The Baron died in 1508 after riding with the king, and is buried in Westminster Abbey. What happened to this property of Hampton immediately after the Baron’s death is unclear. His wife Elizabeth, was from Cornwall, their son Henry, the second Lord Daubeney, later became the Earl of Bridgewater; their daughter Cecily married Lord Fitzwarine who became the Earl of Bath. The second Lord Daubeney, possibly in financial difficulties, disposed of the lease. It is plain, however, there was a significant property in Hampton before it passed to its next tenant.
Cardinal Wolsey
Thomas Wolsey, wrote his own name as Wulcy; although he was the Archbishop of York he did not live in York as one might innocently expect, only the lower echelons of the church lived on the job, no self-respecting bishop would live in his diocese. Thomas lived in the City of Westminster, upriver from the city of London, in a palace known then as York Place, later renamed by King Henry VIII as Whitehall, and now used as government offices of the United Kingdom. On the northern bank of the River Thames, between the City of London and the City of Westminster there were located the mansions of the Bishops or Abbots of Salisbury, Winchcombe, Tewkesbury, Cirencester, Bath & Wells, Llandaff, Durham, Exeter, Bury, Norwich, and Worcester. On the southern bank there was a palace for the Archbishop of Canterbury, and best known of all were the palace and landholdings of the Bishop of Winchester in Southwark; this was on the south end of London Bridge, outside the rules of the City of London but within easy walking distance, so here were located the playhouses and brothels whose working girls were known as “Winchester geese.”
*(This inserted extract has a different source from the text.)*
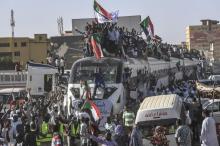 Des manifestants soudanais sur et à proximité d'un train arrivant dans la capitale Khartoum, le 23 avril 2019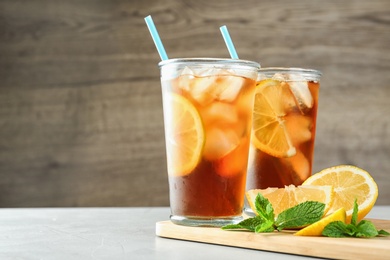 Photo of Glasses of refreshing iced tea on light table against wooden background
Thomas had a modest non-aristocratic family background, for such persons the road to fame and fortune was through the church. Although the highest positions, the princes of the Church, were often given to those with royal connections, it was possible for an industrious and intelligent young man to work his way to the top. By 1514 Thomas Wolsey was on the way to becoming perhaps the richest man in England, and certainly after the King, the most powerful. Although some reports incorrectly state he was never ordained as a priest, in fact he entered major orders 10 March 1498 when ordained as a priest by the suffragan for the Bishop of Salisbury. Later, Thomas was not only Archbishop of York (the second highest position in the ranking of clergy in England), but he was to become a Cardinal with red hat (thus an elector of popes), a papal delegate (ambassador), and also the Lord Chancellor of England, the highest post in the civil service, controller of justice, and receiver of bribes. He was the very epitome of Gilbert and Sullivan’s Pooh-Bah, the Lord High Everything Else. And on top of all that, he had become a personal friend of the sovereign, King Henry VIII.
Thomas was aware Cardinals were expected to live in grand style; in Italy they competed with each other to develop beautiful palaces and gardens, there was even a “how-to” written to inform cardinals what was expected of them. Thomas looked around for a place to build a palace worthy of a man who was to hold three of the highest positions in the western world.